Applying the Stochastic Gradient Descent (SGD) to the regularized linear methods can help building an estimator for classification and regression problems.

    Scikit-learn API provides the SGDClassifier class to implement SGD method for classification problems. The SGDClassifier applies regularized linear model with SGD learning to build an estimator. The SGD classifier works well with large-scale datasets and it is an efficient and easy to implement method.

    In this tutorial, we'll briefly learn how to classify data by using the SGDClassifier class in Python. The tutorial covers:

1. Preparing the data
2. Training the model
3. Predicting and accuracy check
4. Iris dataset classification example
5. Source code listing

We'll start by loading the required libraries and functions.

In [None]:
from sklearn.linear_model import SGDClassifier
from sklearn.datasets import load_iris
from sklearn.datasets import make_classification
from sklearn.model_selection import train_test_split
from sklearn.metrics import confusion_matrix
from sklearn.metrics import classification_report
from sklearn.preprocessing import scale

**Preparing the data**

    First, we'll generate random classification dataset with make_classification() function. The dataset contains 3 classes with 10 features and the number of samples is 5000.

    

In [None]:
x, y = make_classification(n_samples=5000, n_features=10, 
                           n_classes=3, 
                           n_clusters_per_class=1)

Then, we'll split the data into train and test parts.
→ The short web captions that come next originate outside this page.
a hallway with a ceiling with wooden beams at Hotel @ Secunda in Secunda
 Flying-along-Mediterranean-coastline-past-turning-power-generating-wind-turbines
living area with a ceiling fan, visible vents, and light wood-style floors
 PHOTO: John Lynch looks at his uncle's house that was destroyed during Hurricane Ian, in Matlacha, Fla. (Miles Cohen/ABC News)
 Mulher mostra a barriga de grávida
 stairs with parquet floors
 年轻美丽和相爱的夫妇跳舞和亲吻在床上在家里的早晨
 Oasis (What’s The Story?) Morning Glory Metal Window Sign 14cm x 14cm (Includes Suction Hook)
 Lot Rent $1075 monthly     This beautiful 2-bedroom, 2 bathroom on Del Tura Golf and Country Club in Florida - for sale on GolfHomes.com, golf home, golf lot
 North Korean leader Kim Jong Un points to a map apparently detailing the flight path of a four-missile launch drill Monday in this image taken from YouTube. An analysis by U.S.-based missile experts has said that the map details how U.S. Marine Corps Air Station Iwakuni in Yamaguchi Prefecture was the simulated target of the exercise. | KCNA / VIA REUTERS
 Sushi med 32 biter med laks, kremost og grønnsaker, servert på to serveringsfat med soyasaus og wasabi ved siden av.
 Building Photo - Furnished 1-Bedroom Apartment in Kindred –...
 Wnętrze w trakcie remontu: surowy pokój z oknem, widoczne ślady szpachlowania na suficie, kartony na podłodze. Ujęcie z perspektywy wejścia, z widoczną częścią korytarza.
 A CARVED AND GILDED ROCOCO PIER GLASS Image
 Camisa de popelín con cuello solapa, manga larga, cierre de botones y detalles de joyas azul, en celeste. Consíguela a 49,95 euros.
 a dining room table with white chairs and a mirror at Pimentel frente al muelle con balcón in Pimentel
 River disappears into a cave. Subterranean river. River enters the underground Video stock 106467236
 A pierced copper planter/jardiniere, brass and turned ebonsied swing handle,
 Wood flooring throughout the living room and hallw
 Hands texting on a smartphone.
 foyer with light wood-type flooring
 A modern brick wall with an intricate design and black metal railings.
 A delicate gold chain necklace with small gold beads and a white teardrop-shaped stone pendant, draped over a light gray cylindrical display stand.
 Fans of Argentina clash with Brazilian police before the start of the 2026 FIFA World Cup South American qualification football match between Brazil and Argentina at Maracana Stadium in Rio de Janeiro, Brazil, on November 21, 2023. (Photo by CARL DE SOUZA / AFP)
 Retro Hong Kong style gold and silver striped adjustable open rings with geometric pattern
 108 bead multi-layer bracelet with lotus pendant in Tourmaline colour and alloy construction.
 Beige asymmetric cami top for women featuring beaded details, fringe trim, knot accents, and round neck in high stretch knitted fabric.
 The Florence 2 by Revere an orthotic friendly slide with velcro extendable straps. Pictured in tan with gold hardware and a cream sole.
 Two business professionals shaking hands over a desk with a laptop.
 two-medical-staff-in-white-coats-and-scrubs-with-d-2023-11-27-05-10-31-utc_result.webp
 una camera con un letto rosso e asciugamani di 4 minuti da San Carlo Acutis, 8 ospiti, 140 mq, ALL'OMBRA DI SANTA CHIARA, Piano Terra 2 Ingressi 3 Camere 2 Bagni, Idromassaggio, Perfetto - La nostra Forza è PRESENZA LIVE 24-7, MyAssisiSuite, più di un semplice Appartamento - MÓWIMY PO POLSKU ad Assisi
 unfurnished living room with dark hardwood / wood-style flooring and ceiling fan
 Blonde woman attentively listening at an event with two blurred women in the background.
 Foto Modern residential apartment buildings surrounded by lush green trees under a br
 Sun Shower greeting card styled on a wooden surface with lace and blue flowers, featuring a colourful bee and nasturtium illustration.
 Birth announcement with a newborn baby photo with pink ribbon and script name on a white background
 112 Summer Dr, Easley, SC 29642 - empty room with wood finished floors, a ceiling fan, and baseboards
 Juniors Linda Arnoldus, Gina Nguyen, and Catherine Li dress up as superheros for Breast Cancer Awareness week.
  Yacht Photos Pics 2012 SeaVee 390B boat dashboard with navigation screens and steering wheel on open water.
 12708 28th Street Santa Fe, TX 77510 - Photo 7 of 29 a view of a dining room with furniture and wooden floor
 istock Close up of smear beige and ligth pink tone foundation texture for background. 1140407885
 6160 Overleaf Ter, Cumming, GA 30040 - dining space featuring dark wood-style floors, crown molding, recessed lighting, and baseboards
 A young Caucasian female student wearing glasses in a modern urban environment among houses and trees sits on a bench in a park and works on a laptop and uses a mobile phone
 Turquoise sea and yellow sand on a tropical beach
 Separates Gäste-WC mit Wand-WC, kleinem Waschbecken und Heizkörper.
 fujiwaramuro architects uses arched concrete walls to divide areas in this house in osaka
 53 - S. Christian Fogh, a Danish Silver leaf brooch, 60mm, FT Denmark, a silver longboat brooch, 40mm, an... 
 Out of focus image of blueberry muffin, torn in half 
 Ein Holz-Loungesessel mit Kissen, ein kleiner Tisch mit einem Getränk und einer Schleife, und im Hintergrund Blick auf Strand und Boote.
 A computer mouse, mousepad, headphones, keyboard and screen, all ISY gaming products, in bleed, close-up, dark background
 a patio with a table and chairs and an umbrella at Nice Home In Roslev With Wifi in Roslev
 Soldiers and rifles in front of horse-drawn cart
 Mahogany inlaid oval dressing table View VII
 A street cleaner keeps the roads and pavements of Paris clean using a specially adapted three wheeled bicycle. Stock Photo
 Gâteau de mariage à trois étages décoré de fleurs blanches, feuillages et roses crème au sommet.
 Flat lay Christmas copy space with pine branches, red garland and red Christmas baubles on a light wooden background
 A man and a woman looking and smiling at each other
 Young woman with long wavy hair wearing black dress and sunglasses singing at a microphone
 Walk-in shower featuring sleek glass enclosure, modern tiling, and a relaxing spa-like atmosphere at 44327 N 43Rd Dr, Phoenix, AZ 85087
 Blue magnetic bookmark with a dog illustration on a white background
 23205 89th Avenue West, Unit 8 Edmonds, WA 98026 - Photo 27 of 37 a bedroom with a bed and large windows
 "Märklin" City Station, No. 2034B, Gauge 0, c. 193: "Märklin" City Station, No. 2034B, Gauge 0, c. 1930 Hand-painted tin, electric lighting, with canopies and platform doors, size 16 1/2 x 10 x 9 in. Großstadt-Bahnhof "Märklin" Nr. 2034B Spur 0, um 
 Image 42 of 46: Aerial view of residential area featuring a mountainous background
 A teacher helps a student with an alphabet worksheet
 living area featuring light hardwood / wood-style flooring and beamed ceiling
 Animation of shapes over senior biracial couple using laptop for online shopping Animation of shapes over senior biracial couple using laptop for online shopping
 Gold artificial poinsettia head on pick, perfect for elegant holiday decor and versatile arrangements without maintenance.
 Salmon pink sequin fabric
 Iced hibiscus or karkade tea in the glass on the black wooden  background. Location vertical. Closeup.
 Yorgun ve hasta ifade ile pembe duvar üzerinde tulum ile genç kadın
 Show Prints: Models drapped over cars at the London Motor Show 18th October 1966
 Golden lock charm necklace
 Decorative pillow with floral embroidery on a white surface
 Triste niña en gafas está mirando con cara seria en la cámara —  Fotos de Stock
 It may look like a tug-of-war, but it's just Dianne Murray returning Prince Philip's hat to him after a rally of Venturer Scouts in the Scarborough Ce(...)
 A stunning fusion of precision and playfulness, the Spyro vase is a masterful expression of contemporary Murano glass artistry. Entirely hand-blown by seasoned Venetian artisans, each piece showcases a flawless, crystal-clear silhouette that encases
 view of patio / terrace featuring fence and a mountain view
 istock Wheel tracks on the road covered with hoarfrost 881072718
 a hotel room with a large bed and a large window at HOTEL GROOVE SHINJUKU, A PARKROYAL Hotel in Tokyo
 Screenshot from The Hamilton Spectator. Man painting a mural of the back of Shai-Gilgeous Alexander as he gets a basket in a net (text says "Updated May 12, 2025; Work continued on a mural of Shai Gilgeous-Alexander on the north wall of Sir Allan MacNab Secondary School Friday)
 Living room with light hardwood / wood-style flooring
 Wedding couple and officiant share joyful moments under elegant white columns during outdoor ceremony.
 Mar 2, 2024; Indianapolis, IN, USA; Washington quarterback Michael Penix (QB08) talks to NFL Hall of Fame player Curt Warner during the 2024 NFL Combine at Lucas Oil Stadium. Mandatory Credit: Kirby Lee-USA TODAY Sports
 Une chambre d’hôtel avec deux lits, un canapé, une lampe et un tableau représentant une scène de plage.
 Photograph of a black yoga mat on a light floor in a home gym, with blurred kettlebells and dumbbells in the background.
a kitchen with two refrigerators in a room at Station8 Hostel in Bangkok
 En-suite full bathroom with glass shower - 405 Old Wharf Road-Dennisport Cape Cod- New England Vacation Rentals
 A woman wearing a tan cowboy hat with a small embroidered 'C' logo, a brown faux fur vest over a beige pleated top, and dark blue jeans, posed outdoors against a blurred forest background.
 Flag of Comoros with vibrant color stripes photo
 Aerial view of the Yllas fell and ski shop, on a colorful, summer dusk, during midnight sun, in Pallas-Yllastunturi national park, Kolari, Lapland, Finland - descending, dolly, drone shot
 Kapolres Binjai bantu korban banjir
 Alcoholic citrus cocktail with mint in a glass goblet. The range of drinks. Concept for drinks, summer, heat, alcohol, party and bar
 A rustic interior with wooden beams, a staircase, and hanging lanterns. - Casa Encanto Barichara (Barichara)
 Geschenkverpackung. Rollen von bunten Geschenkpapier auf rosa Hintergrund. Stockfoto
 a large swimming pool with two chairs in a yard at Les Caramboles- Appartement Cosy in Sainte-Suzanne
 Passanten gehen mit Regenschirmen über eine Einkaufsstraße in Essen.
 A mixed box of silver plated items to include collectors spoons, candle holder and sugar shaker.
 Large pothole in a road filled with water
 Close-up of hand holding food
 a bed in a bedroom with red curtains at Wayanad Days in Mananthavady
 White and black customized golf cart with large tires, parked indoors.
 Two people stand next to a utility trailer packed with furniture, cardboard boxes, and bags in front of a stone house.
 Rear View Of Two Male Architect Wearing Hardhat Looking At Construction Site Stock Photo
Here, we'll extract 15 percent of it as test data.

In [None]:
xtrain, xtest, ytrain, ytest = train_test_split(x, y, test_size = 0.15)

Training the model.
Next, we'll define the classifier by using the SGDClassifier class. Then fit it on the train data. 

In [None]:
sgdc = SGDClassifier(max_iter=1000, tol=0.01)
print(sgdc)
 
sgdc.fit(xtrain, ytrain)

After the training the classifier, we'll check the model accuracy score.


In [None]:
score = sgdc.score(xtrain, ytrain)
print("Training score: ", score) 
 
#Training Score:  0.8454117647058823 0.9670588235294117

**Predicting and accuracy check**

     Now, we can predict the test data by using the trained model. After the prediction, we'll check the accuracy level by using the confusion matrix function.

In [None]:
ypred = sgdc.predict(xtest)

cm = confusion_matrix(ytest, ypred)
print(cm) 
 
'''[[215   6  30]
 [  8 236   4]
 [ 54  21 176]]'''

We can also create a classification report by using classification_report() function on predicted data to check the other accuracy metrics.

In [None]:
cr = classification_report(ytest, ypred)
print(cr)

**Iris dataset classification example**

We'll load the Iris dataset with load_iris() function, extract the x and y parts, then split into the train and test parts. It is better to scale data to improve the training accuracy.

# Iris dataset example 


In [None]:
iris = load_iris()
x, y = iris.data, iris.target
x = scale(x)
xtrain, xtest, ytrain, ytest=train_test_split(x, y, test_size=0.15)

Then, we'll use the same method mentioned above.

In [None]:
sgdc = SGDClassifier(max_iter=1000, tol=0.01)
print(sgdc)

sgdc.fit(xtrain, ytrain)
score = sgdc.score(xtrain, ytrain)
print("Score: ", score)

ypred = sgdc.predict(xtest)

cm = confusion_matrix(ytest, ypred)
print(cm)

cr = classification_report(ytest, ypred)
print(cr) 


   In this tutorial, we've briefly learned how to classify data by using Scikit-learn's SGDClassifier class in Python. The full source code is listed below.

In [None]:
#Full source code:
from sklearn.linear_model import SGDClassifier
from sklearn.datasets import load_iris
from sklearn.datasets import make_classification
from sklearn.model_selection import train_test_split
from sklearn.metrics import confusion_matrix
from sklearn.metrics import classification_report
from sklearn.preprocessing import scale

x, y = make_classification(n_samples=5000, n_features=10, 
                           n_classes=3, n_clusters_per_class=1)

xtrain, xtest, ytrain, ytest=train_test_split(x, y, test_size=0.15)

sgdc = SGDClassifier(max_iter=1000, tol=0.01)
print(sgdc)

sgdc.fit(xtrain, ytrain)

score = sgdc.score(xtrain, ytrain)
print("Training score: ", score)

ypred = sgdc.predict(xtest)
cm = confusion_matrix(ytest, ypred)
print(cm)

cr = classification_report(ytest, ypred)
print(cr)


# Iris dataset example
iris = load_iris()
x, y = iris.data, iris.target
x = scale(x)

xtrain, xtest, ytrain, ytest=train_test_split(x, y, test_size=0.15)

sgdc = SGDClassifier(max_iter=1000, tol=0.01)
print(sgdc)

sgdc.fit(xtrain, ytrain)
score = sgdc.score(xtrain, ytrain)
print("Score: ", score)

ypred = sgdc.predict(xtest)

cm = confusion_matrix(ytest, ypred)
print(cm)

cr = classification_report(ytest, ypred)
print(cr)